Q3. Iodine molecules are held in the crystal lattice by

A. London force

B. Dipole-dipole interaction

C. Covalent bond

D. Coulombic force

Answer: A)

Iodine molecules are non-polar molecular solids in which the constituent particles (molecules) are held together by the London force.

Q4. Graphite is a good conductor of electricity due to the presence of

A. Lone pair of electrons

B. Free valence electrons

C. Cations

D. Anions

Answer: (B)

Graphite is an allotrope of carbon. Here, the carbon atom is bonded to 3 other carbon atoms leaving one free valence electron, as there are 4 valence electrons in a carbon atom. This electron is responsible for the conduction of electricity.

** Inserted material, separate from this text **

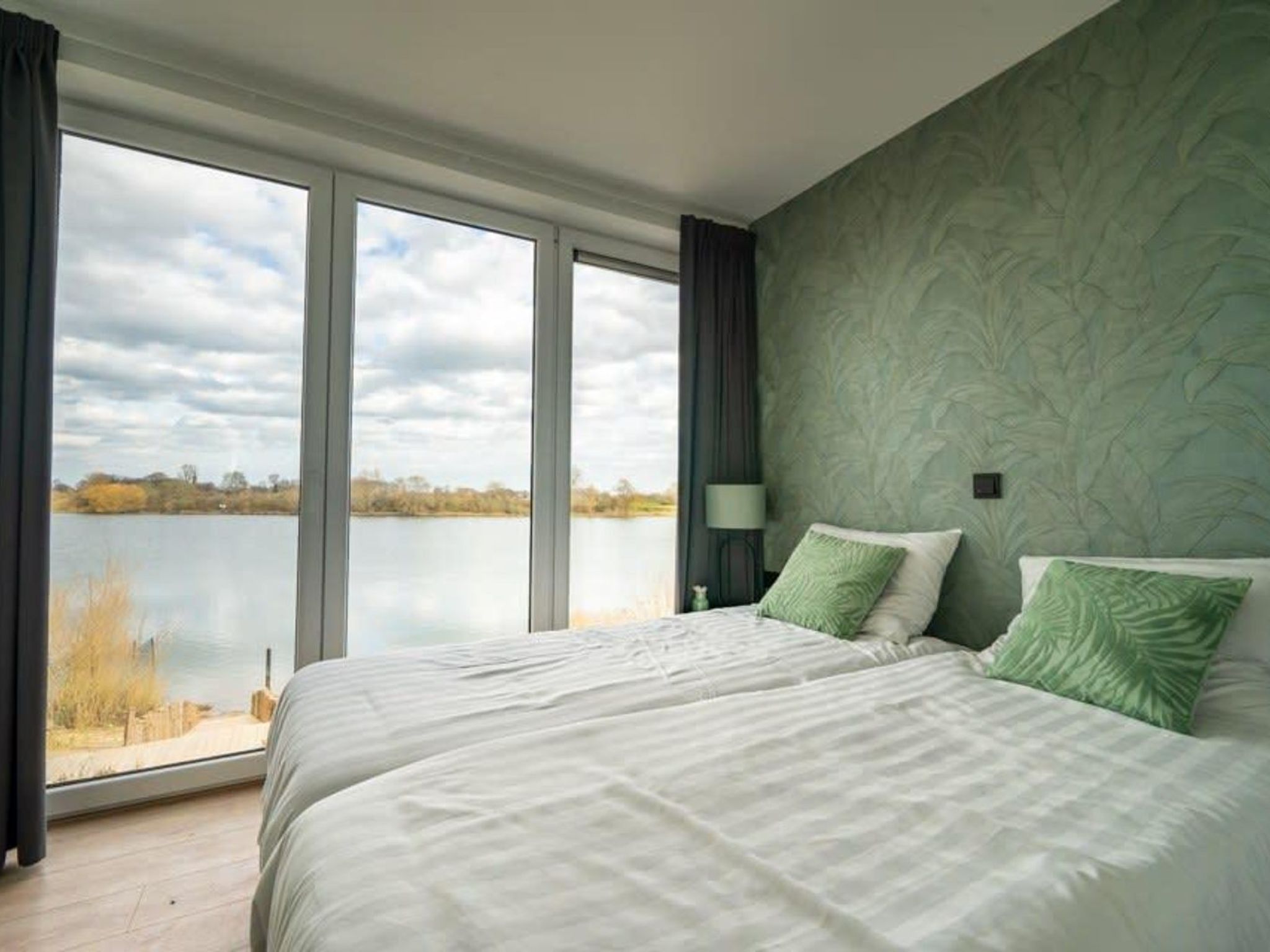 Aan de Maas - Maas Villa Waterzicht Sauna | 10p - Draußen
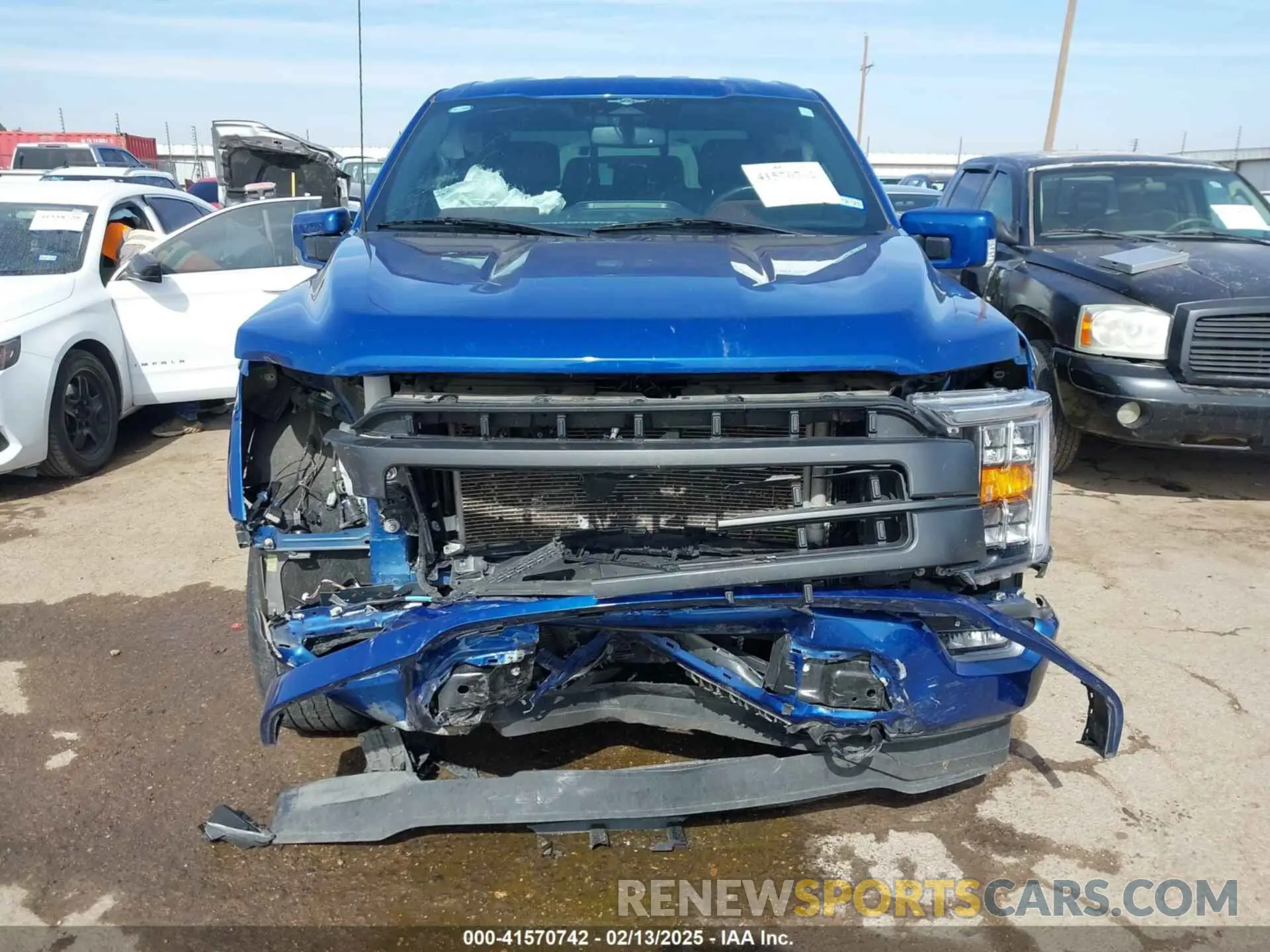 12 fotografías del automóvil dañado 1FTFW1E88PKF94820 FORD F-150 2023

Frequently Asked Questions - FAQ

Question 1. How to distinguish a metallic solid from an ionic solid?

Answer: A metallic solid conducts electricity in the solid state whereas an ionic solid doesn’t conduct electricity in the solid state but conducts only in the aqueous solution or molten state.

Question 2. What type of solid is SiC?

Answer: SiC is a covalent solid as Si and C areboth non-metals and they are held together by a covalent bond which forms a network. SiC is very hard and brittle, it has an extremely high melting point and SiC is an insulator which are the properties of covalent or network solids.

Question 3. Can NaCl (s) conduct electricity?

Answer: NaCl is an ionic crystalline solid. To conduct electricity in any substance there should be particles that possess a carrier to transfer electrons. In the case of ionic solids, the carriers are ions, which only dissociate in their aqueous or molten state. Hence, NaCl (s)can not conduct electricity in its solid state.

Question 4. Are crystalline solids ductile?

Answer: All crystalline solids have some common properties such as anisotropy, long-range order, and sharp melting point, but ductility and malleability properties are shown by only metallic crystalline solids.

Examples: Cu, Ag, Au and Al.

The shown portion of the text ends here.